Tall fescue cultivars with desirable agronomic traits such as narrow blades and dense canopies are associated with decreased resistance to brown patch (Giesler et al. 1996). Tall fescue canopy density is believed to have a direct impact on disease incidence (Giesler et al. 1996). A denser leaf canopy increases relative humidity within the canopy and leaf wetness duration, thereby creating an optimal environment for R. solani infection. Because this study was conducted in a humidity chamber, the potential advantage of Kentucky 31 tall fescue's wide leaf anatomy on mitigating infection by R. solani was negated. Matador tall fescue has the most desirable agronomic characteristics of the tall fescue cultivars evaluated in this study. Grass blades from Matador tall fescue were thinner and greener when compared to Kentucky 31 and darker green when compared to Jaguar (personal observation, data not shown). However, Jaguar has adequate agronomic qualities such as dark green color and thinner leaf blades and was less susceptible to brown patch, thus making it a useful cultivar for the southern region of the tall fescue growing region when combined with appropriate cultural practices. Also of importance may be the recuperative ability of the tall fescue cultivar. High basal levels of chitinase activity may reduce metabolic resources for growth and plant recovery. Therefore, an ideal tall fescue cultivar would have low basal levels of chitinase but efficiently express high amounts of chitinase after being challenged by a pathogen.

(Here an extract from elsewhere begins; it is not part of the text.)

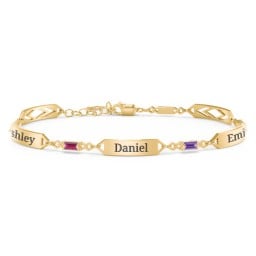 Engravable Family Bracelet with Baguette Birthstones (1-5 Stones)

Chitinase activity in rice observed 48 hours after inoculation in R. solani was greater than was observed in our study (Shrestha et al. 2008). Possible reasons for reduced chitinase response in tall fescue compared to rice may be due to the presence of virulence proteins in the R. solani AG2-2IIIB anastomosis grouping that are analogous to Avr4 and EcP6 from Cladosporium fulvum Cooke. Avr4 is an effector protein that protects fungal cell walls by binding to long chains of chitin and preventing hydrolysis (Van Esse et al. 2007). Specifically, in tomatoes Avr4 appeared to reduce the effectiveness of plant chitinases on fungal chitin in the apoplast. Another C. fulvum protein that reduces chitinase effectiveness is Ecp6. Ecp6 sequesters chitin oligosaccha-rides and prevents them from eliciting a defense response in the host plant (De Jonge et al. 2010). Though C. fulvum is an ascomycete and R. solani is a basidiomycete, the existence of chitinase perturbing proteins in nature necessitates further exploration of virulence proteins in R. solani. If proteins similar to Avr4 and Ecp6 are present in the R. solani, then chitinase activity would not be expected to increase much in tall fescue after inoculation. The conserved tall fescue chitinase gene FaChit1 increases expression in the presence of chitin (Wang et al. 2009) Therefore, perturbation of interactions between tall fescue receptor proteins and chitin from R. solani may be the reason chitinase activity does not increase in tall fescue as much as rice as opposed to inferior perception by tall fescue receptor proteins.

Future research should focus on identifying tall fescue cultivars that constitutively express a high amount of chitinase and effectively increase chitinase levels after infection by R. solani. Screening for effector proteins in anastomosis groupings that impact tall fescue would further elucidate the interaction between R. solani and tall fescue. Selection of tall fescue cultivars that produces high levels of chitinase in response to R. solani infection in combination with proper cultural practices such as correct mowing height, optimal fertility application, and proper irrigation, may help reduce severity of brown patch.